In [1]:
def list_range(start, stop, step=1):
    numbers = []
    while start < stop:
        numbers.append(start)
        start += step
    
    return numbers

In [2]:
def iterator_range(start, stop, step=1):
    while start < stop:
        yield start
        start += step

In [3]:
%timeit list_range(1,10000)

920 µs ± 41.1 µs per loop (mean ± std. dev. of 7 runs, 1000 loops each)


In [4]:
%timeit iterator_range(1,10000)

190 ns ± 10.2 ns per loop (mean ± std. dev. of 7 runs, 1000000 loops each)


#### Result
TODO: There was a big difference in processing time between list and iterator.

<hr>

#### Problem
What are the differences between list and generator in terms of memory usage?

In [5]:
# del [list_of_numbers]

In [6]:
list_of_numbers = range(1, 10000000)

In [7]:
# list object
%memit len([n for n in list_of_numbers if n % 3 == 0])

peak memory: 159.46 MiB, increment: 112.68 MiB


In [8]:
#  generator object
%memit sum((1 for n in list_of_numbers if n % 3 == 0))

peak memory: 54.18 MiB, increment: 0.00 MiB


#### Result
The memory impact of the generator version is far less than that of the list comprehension. Please check the value of memory increment.

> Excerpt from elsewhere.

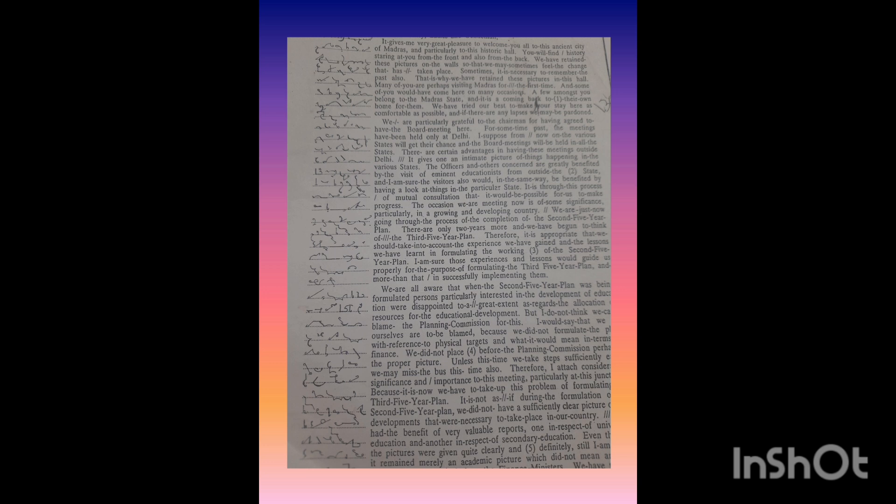Many of you are perhaps visiting Chennai for the first time and some of you would have come here on many occasions.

## Iterators for Infinite Series

In [9]:
def fibonacci():
    i, j = 0, 1
    while True:
        yield j
        i, j = j, i + j

#### Problem
- fibbonacci function
- the number is less than 5000
- tne number is odd

To find the number of integers that satisfy the above conditions, we compare the following three different functions.

In [10]:
def fibonacci_naive():
    i, j = 0, 1
    count = 0
    while j <= 5000:
        if j % 2:
            count += 1
        i, j = j, i + j
    return count

def fibonacci_transform():
    count = 0
    for f in fibonacci():
        if f > 5000:
            break
        count += 1
    return count

from itertools import islice
def fibonacci_succinct():
    is_odd = lambda x: x % 2
    first_5000 = islice(fibonacci(), 0, 5000)
    return sum((1 for elem in first_5000 if is_odd(elem)))

In [11]:
%timeit fibonacci_naive()
%memit fibonacci_naive()

1.77 µs ± 59.9 ns per loop (mean ± std. dev. of 7 runs, 1000000 loops each)
peak memory: 54.23 MiB, increment: 0.01 MiB


In [12]:
%timeit fibonacci_transform()
%memit fibonacci_transform()

2.12 µs ± 123 ns per loop (mean ± std. dev. of 7 runs, 100000 loops each)
peak memory: 54.24 MiB, increment: 0.00 MiB


In [13]:
%timeit fibonacci_succinct()
%memit fibonacci_succinct()

3.97 ms ± 170 µs per loop (mean ± std. dev. of 7 runs, 100 loops each)
peak memory: 54.24 MiB, increment: 0.00 MiB


#### Result
- All of these methods have similar runtime properties
- fibonacci_transform() is much more verbose than fibonacci_succinct(), but s it will be easy for another developer to debug and understand.
- One of good points in fibonacci_transform() can be separated into two phases: generating data and transforming data.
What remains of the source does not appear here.